Democratic candidates Rev. Raphael Warnock and Jon Ossoff clinched victories in Georgia’s Tuesday runoff senate races, according to the Associated Press, giving Democrats control of both chambers of Congress as president-elect Joe Biden enters office.
The final results of the runoff election came amid chaos in Washington, D.C., as a violent, pro-President Trump mob stormed the U.S. Capitol in an attempt to dispute the results of the presidential election. Several lawmakers, sheltering in the Capitol, described the actions as a coup attempt.
The outcome of the election in Georgia determines the extent to which Congress can support the policy priorities of president-elect Joe Biden in the first two years of his administration. On clean energy and climate change, Biden’s pledge to work towards 100 percent clean electricity nationwide by 2035 and invest $2 trillion on the energy transition will still be challenging to accomplish, as Democrats do not have a filibuster-proof majority.
But Tuesday’s results open the door for more ambitious action from Congress, including possible incentives for renewables and legislation on energy infrastructure.
Warnock and Ossoff’s wins leave both Democrats and Republicans with 50 seats in the Senate, with vice president Kamala Harris able to break ties. Avoiding a filibuster in the Senate, which allows the minority party to block moving forward on legislation, requires 60 votes.
It is possible that the Senate could eliminate or weaken the filibuster, which would make it easier to pass more ambitious legislation on issues including climate (and COVID-19 relief). But lawmakers may not have the appetite to do that.
Sen. Joe Manchin of West Virginia, a Democrat who will now chair the Senate Energy and Natural Resources Committee, has said he does not favor eliminating the filibuster. Manchin, who favors “all-of-the-above” energy policy, also voted “no” on the Green New Deal.

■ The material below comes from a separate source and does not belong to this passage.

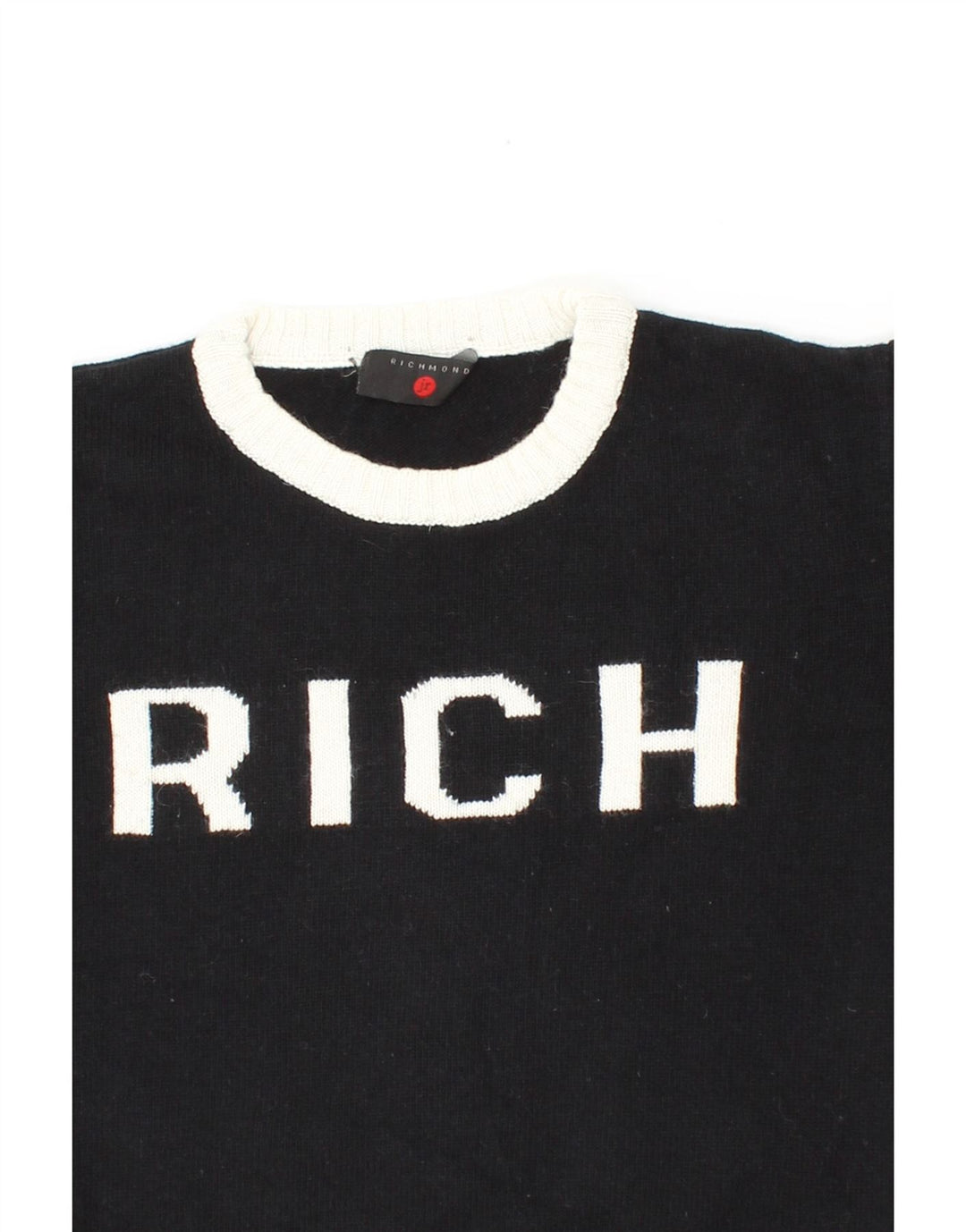 RICHMOND Boys Graphic Crew Neck Jumper Sweater 7-8 Years Black Cotton Vintage Richmond and Second-Hand Richmond from Messina Hembry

Congress could also consider climate and clean energy action through the budget reconciliation process, which allows for a majority-only passage of spending-related measures — which could include provisions such as a green bank or the renewable tax credits Congress recently extended.
A clean energy standard could also fit into that framework, according to Dr. Leah Stokes, an assistant professor of political science at the University of California, Santa Barbara.
“An ambitious [clean electricity standard] is very much doable with Democratic control of the Senate, and it must be a priority,” Stokes said in an email. “Biden ran and won on this agenda. There is a clear mandate for Congress to act on a 100 percent clean electricity standard by 2035.”
With a majority, Democrats will be able to more easily confirm Biden picks for his cabinet, the Federal Energy Regulatory Commission — which could shift to Democratic control this summer as Commissioner Neil Chatterjee’s term ends — and courts, where Republican states may challenge new environmental regulations.
Current Senate majority leader Mitch McConnell holds significant power in determining what policies get consideration by the full Senate, evidenced most recently by the leaders’ unwillingness to call a vote on providing some in the U.S. with $2,000 stimulus checks. With Democratic leader Sen. Chuck Schumer soon assuming that position, bipartisan policy including support for clean energy may get more traction.
Both Warnock, a pastor at Ebenezer Baptist Church in Atlanta, and Ossoff, a media executive, support certain actions on climate change that Biden has promised, including rejoining the Paris climate agreement and undoing the environmental regulation rollbacks of the Trump administration.
Outside of congressional action, Biden has already promised to rely in part on executive authority to pursue climate and clean energy policies. Without help from Congress, Biden’s administration can streamline permitting for renewables on federal land and waters, draw on $40 billion in loan guarantees available through the Department of Energy, enact new regulations under the Clean Air Act and require companies to disclose more details about financial risks related to climate change, among other possible tools.
The president-elect may also rely on deficit spending for energy and climate programs, in lieu of undoing tax cuts passed during Trump’s presidency, which would require congressional support.